Please copy the data below exactly, from its first line through the line holding "Yorkshire Terrier collage", and skip the pictures.

** Data section follows **

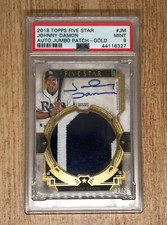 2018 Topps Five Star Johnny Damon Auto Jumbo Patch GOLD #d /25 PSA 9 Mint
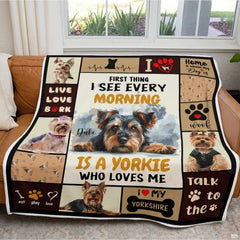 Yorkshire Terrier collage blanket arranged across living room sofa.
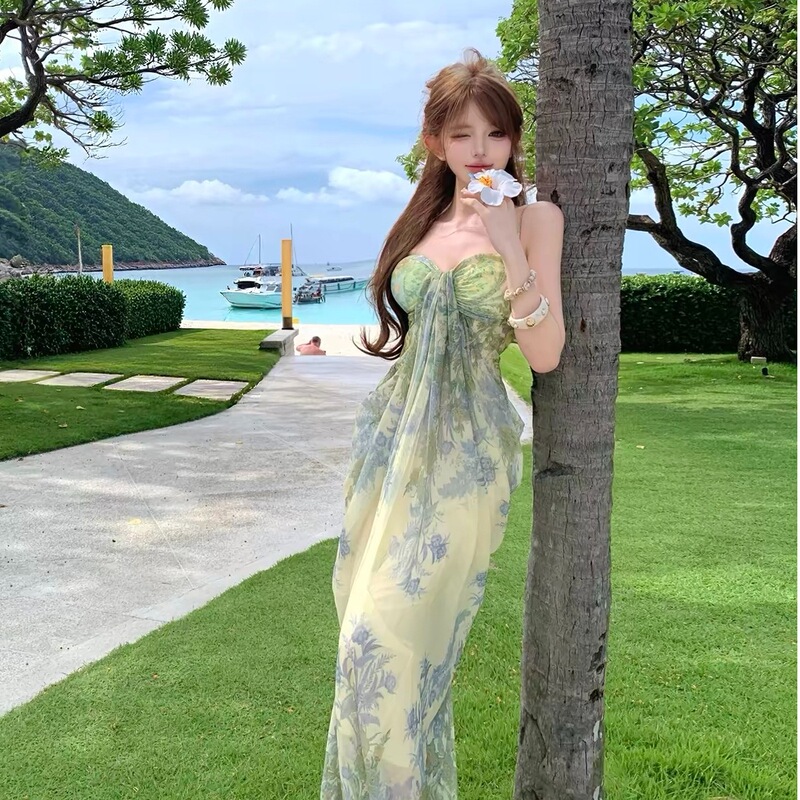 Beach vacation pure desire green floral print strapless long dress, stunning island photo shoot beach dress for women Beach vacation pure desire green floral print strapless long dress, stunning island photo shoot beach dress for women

** End of Data section **

▶ _Reply_:
 2018 Topps Five Star Johnny Damon Auto Jumbo Patch GOLD #d /25 PSA 9 Mint
 Yorkshire Terrier collage blanket arranged across living room sofa.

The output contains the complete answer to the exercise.